[Provided entries — start]

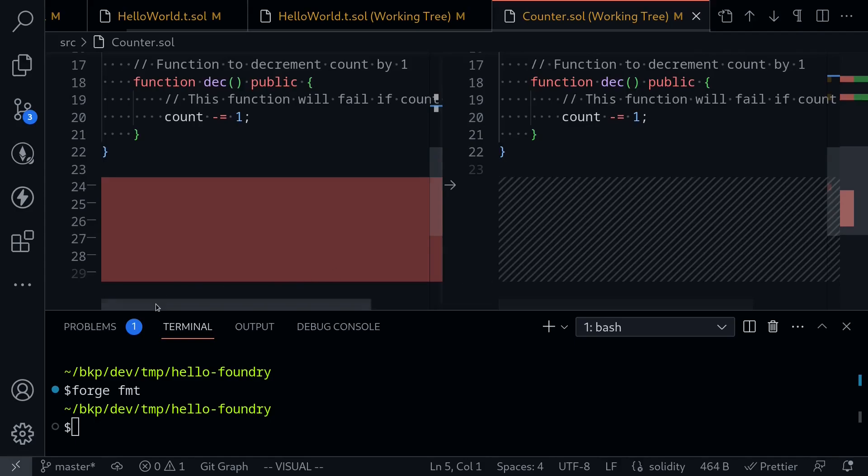So inside your Foundry project, when you want to make your code pretty, just type forge fmt.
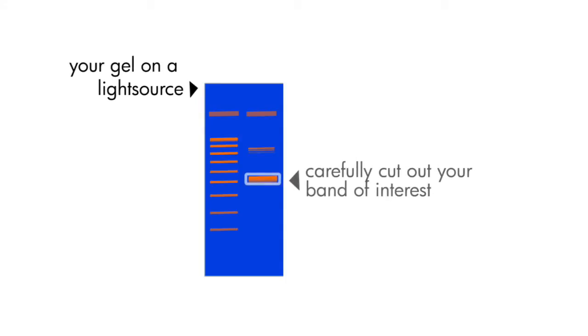During gel extraction, you want to be very careful when you cut out the band, because you want to get as much DNA as possible, but you don't want to take too much agarose with you.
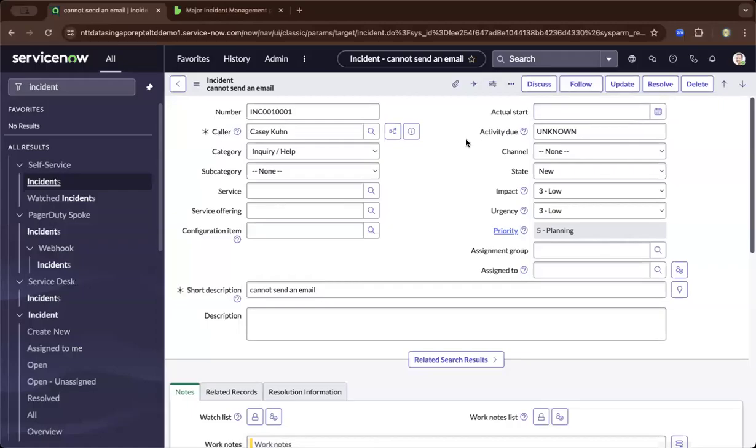Hi, this is Milo. On this demo, I'll be showing you the major incident management process in ServiceNow.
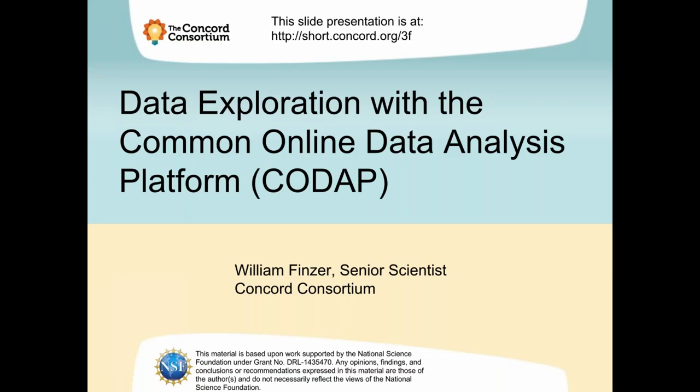Hello everyone, this is Camille Fairbourn from Utah State University and I'd like to welcome you to today's CAUSE teaching and learning webinar. I'm pleased to introduce Bill Finzer as our speaker today. Bill is a senior scientist at the Concord Consortium, a non-profit educational research and development organization. He now leads the Common Online Data Analysis Platform, CODAP, project with support from the National Science Foundation.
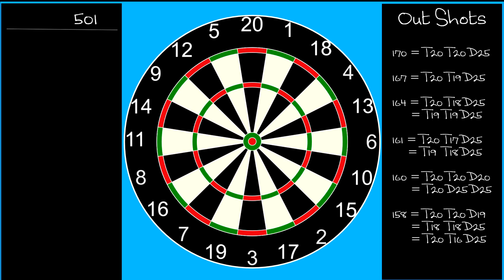If you watch the professionals throw, it becomes apparent they are thinking about out shots, even with the score in the 300s. For example, with the score on 303, they will throw at 19 rather than 20. Why do they do this?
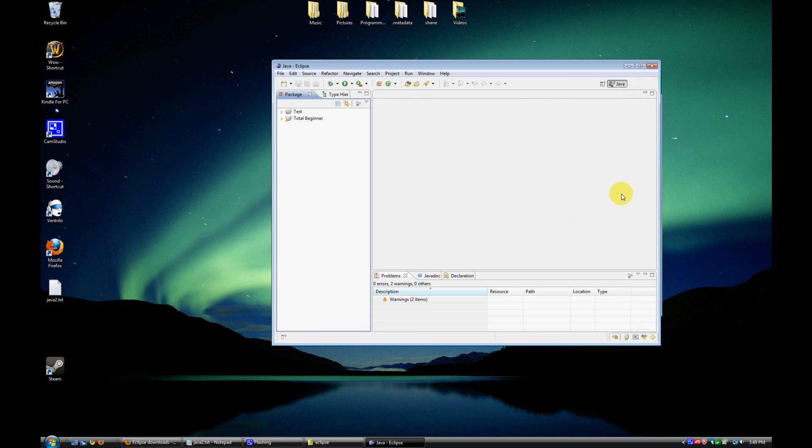So that's pretty much it for the tutorial today. So we went ahead and downloaded that Java JDK so that we can make Java programs. And we downloaded the Eclipse IDE to make it a little bit easier for us. And so we're pretty much ready to go. Next tutorial, we'll be actually writing some Java code. So if you guys like the videos, make sure to subscribe to my channel and check out my website at developjava.com. Thanks guys.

[Provided entries — finish]

Work item:
The lines to reproduce run from the one above containing "During gel extraction, you" through the one containing "If you watch". Copy them exactly and leave out all pictures.

Result of the task:
During gel extraction, you want to be very careful when you cut out the band, because you want to get as much DNA as possible, but you don't want to take too much agarose with you.
Hi, this is Milo. On this demo, I'll be showing you the major incident management process in ServiceNow.
Hello everyone, this is Camille Fairbourn from Utah State University and I'd like to welcome you to today's CAUSE teaching and learning webinar. I'm pleased to introduce Bill Finzer as our speaker today. Bill is a senior scientist at the Concord Consortium, a non-profit educational research and development organization. He now leads the Common Online Data Analysis Platform, CODAP, project with support from the National Science Foundation.
If you watch the professionals throw, it becomes apparent they are thinking about out shots, even with the score in the 300s. For example, with the score on 303, they will throw at 19 rather than 20. Why do they do this?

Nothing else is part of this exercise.